The State Service of Ukraine for Ethnic Policy and Freedom of Conscience has published a list of criteria according to which religious leaders may be granted a deferral from mobilization. According to the list, clergymen of the Ukrainian Orthodox Church will not be able to be protected from mobilization, as the UOC falls under the anti-church law No. 3894. This is reported by Liga Zakon.

It is reported that one of the criteria by which the decision on the postponement for the clergy will be made is that representatives of religious organizations that are “included in the list of religious organizations in Ukraine affiliated (related by one or more features defined in Article 51 of the Law of Ukraine ‘On Freedom of Conscience and Religious Organizations’) with a foreign religious organization whose activities are prohibited in Ukraine” are not allowed to be exempted from military service.

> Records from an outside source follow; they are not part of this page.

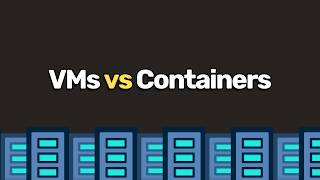 VMs vs Containers for Network Engineers | What You Need to Know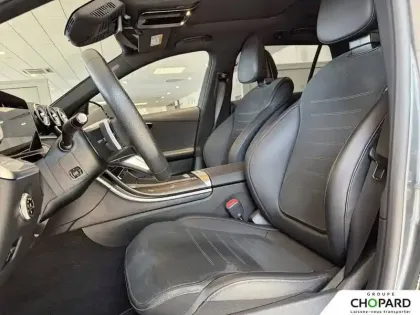 Photo 10 Mercedes Classe C  Break 220 d 9G-Tronic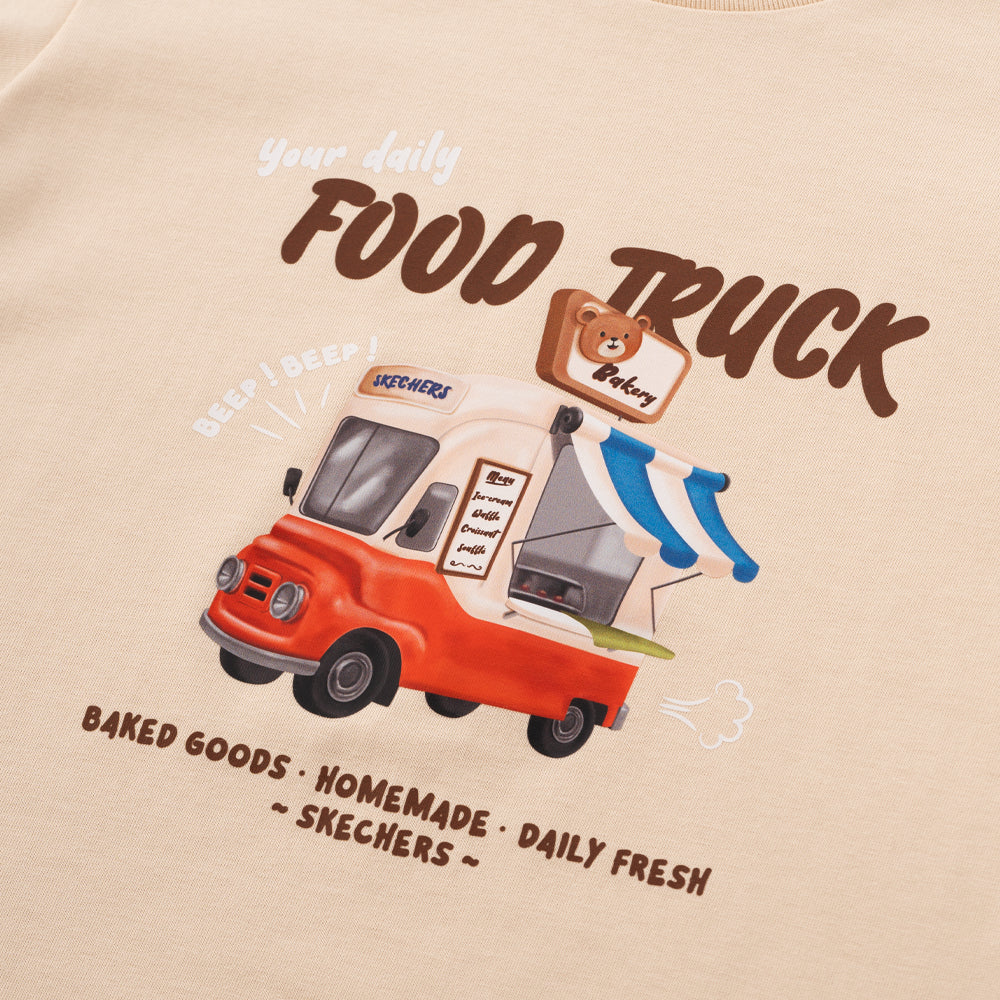 Food Truck Short Sleeve Tee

Accordingly, given that Law No. 3894 is aimed at banning the activities of the Ukrainian Orthodox Church, it is unlikely that the UOC clergy will be able to postpone mobilization until the procedure for establishing “affiliation with Russia” is initiated. The situation will not change after these procedures are carried out and, logically, most religious communities of the UOC will be deregistered.

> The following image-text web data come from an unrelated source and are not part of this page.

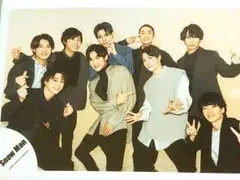 SnowMan ♡ オフショ 42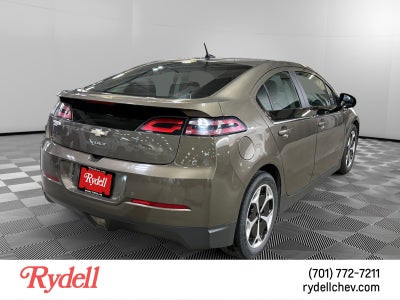 2014 Chevrolet Volt Base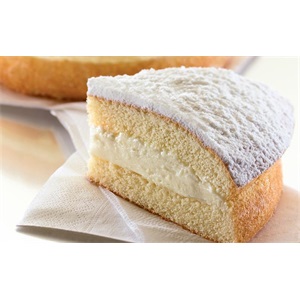 DAWN VEGAN CREME CAKE PLAIN 10 KG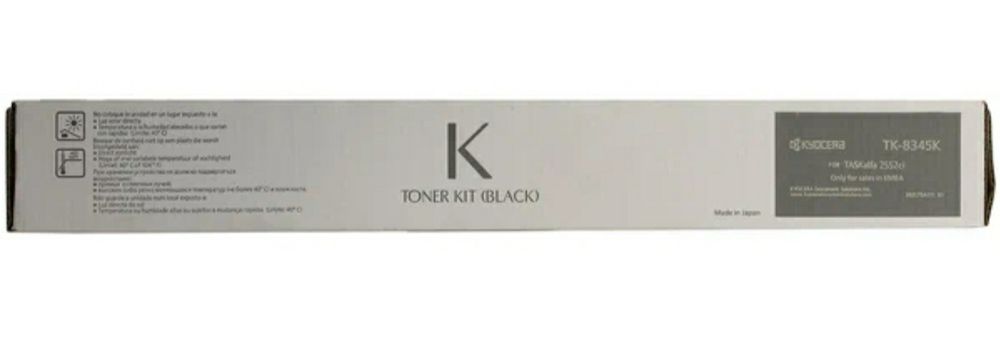 Kyocera TK-8345 black original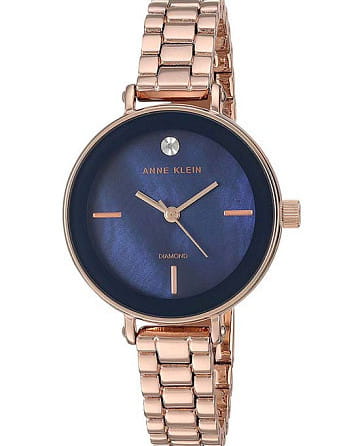 Anne Klein Diamond  3386NMRG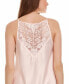 ფოტო #8 პროდუქტის Women's Emma Satin Cami Short Set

As we reported earlier, the recent decree of the Cabinet of Ministers of Ukraine on the inclusion of religious organizations in the list of critical infrastructure and, as a result, the reservation of clergy from military service in the Armed Forces of Ukraine, may become a trap for the Ukrainian Orthodox Church. This opinion was expressed by Ukrainian MP Oleksandr Dubinsky, who believes that the state, using the norms of such a Cabinet order, will blackmail the priests of the UOC, persuading them to join the OCU in exchange for exemption from military service.